Wisdom has been in the headlines more than once.
Each time, readers can only shake their heads in amazement bordering on disbelief.
Wisdom is a Laysan albatross. There are tens of thousands of albatross living on a small atoll in the middle of the Pacific Ocean. During World War II, this land known as Midway Island was a strategic outpost for the Americans and their allies in the battle with Japan.
After the war, remnants of its human occupation remained for decades. Today, it is known as Midway Atoll National Wildlife Refuge. It is the world’s largest albatross colony.
That’s where Wisdom comes into the story.
For most of the year, albatross spend their lives at sea.
They fish the waters of the Pacific on wings that span 6½ feet.
Once they leave the nest, young albatross fly thousands of miles before ever touching land again.
It takes years for these birds to not only mature but to find a mate.
Eventually, they return to the place where they were born to nest and raise one chick.
Return to the nest
Wisdom has been doing this since at least 1956. This past December, along with other Midway albatross, she once again returned with her mate to nest.
She is reputed to be the world’s oldest wild bird, with her estimated age being 66 years.
How her age was determined was a surprise for me.
Back in the ’80s, my husband I were visiting birding friends who lived in Maryland.
At one of the “good places,” they pointed out some birders dashing across the field we were about to explore.
Nathan waved to them and remarked, “That’s Chan Robbins.”
Of course we were excited to see one of the nation’s best birders in action.
At that time, Chandler Robbins was the author of the field guide “Birds of North America.”
That book and the guide by Roger Tory Peterson probably had the world’s share of birders using field guides for North America’s birds.
In December 1956, Robbins was ringing (a form of banding) Midway’s albatross.
He caught a female while she was incubating her egg and placed a ring around one leg.
At the time, Robbins was 38 years old. He estimated that Wisdom was at least 6 years old.
This wasn’t the only time the two would meet.

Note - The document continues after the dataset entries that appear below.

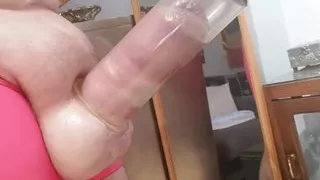 A Real Monster Cock You See Here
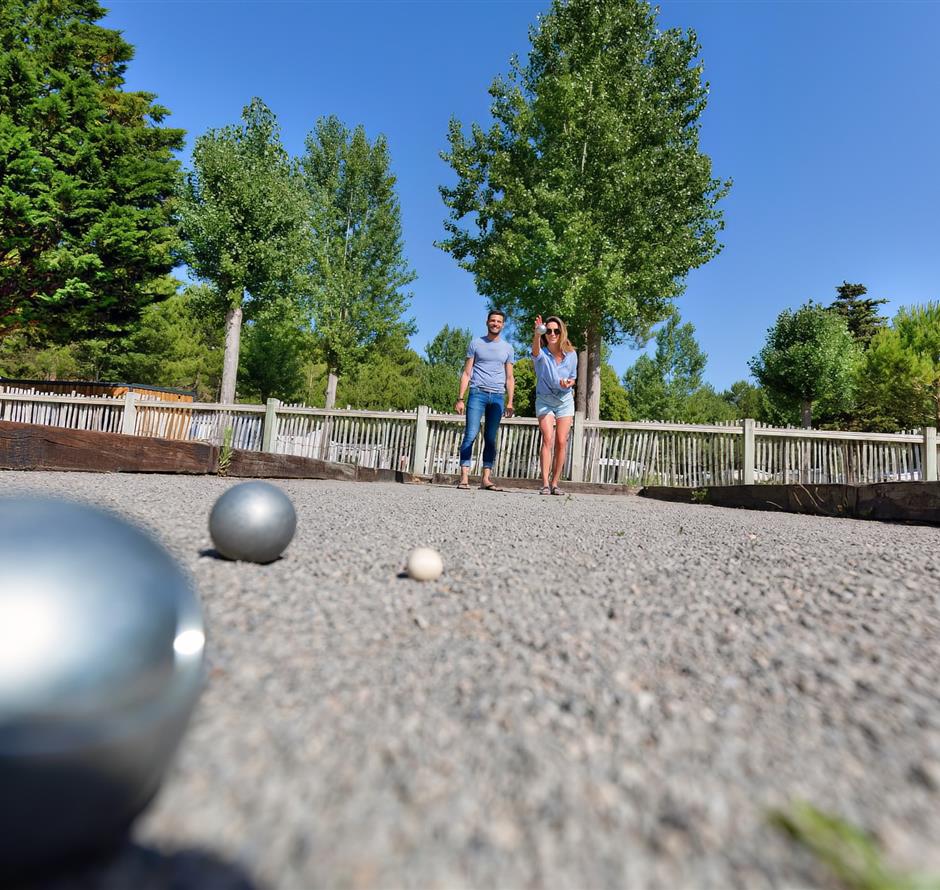 Activities for adults at Les Sirènes 3-star campsite in Saint-Jean-de-Monts 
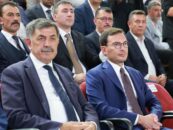 MHP ERZİNCAN HEYETİ TOKAT’TA MİLLİ BİRLİK VE DAYANIŞMA BULUŞMASINA KATILDI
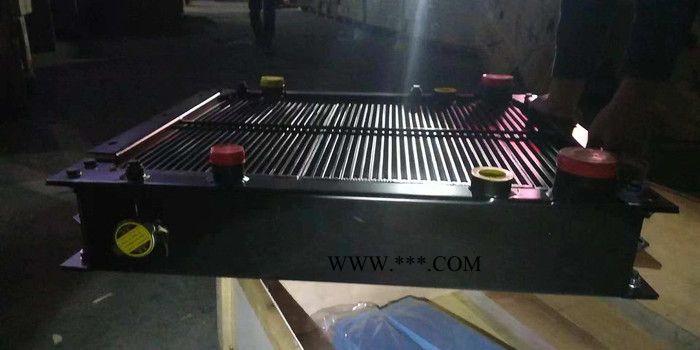 寿力冷却器88291009-557空压机配件机油冷却器图2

Forty-six years later, at the age of 84, Robbins was still involved with this albatross colony.
It numbered over a half-million birds.
In 2002, he came across a bird he had ringed in 1956.
Considering the dangers and stress that a sea bird would encounter over that span of time, it is amazing Wisdom not only survived but is still raising offspring.
Lived through earthquake
When the 2011 Japan earthquake created a tsunami that rolled over the atoll, it killed more than 100,000 albatross. Wisdom wasn’t one of them. She was 61 at the time.
Chandler Robbins is also pretty amazing. He retired from the Patuxent Wildlife Research Center in Maryland 10 years ago but keeps up with the work on Midway.
At the age of 98, he still goes into the office every week. Wisdom has outlived several “life” partners in her 60 years of producing offspring.
It has been estimated that she has flown some 3 million miles, which is the equivalent of three round trips to the moon.
The story has a happy ending, according to Austad’s report. Wisdom’s current mate, a much younger fellow, has been appropriately named in Hawaiian.
“Akeakamai” means “lover of wisdom.”
It will be awhile before I receive a newspaper clipping as interesting as this one was.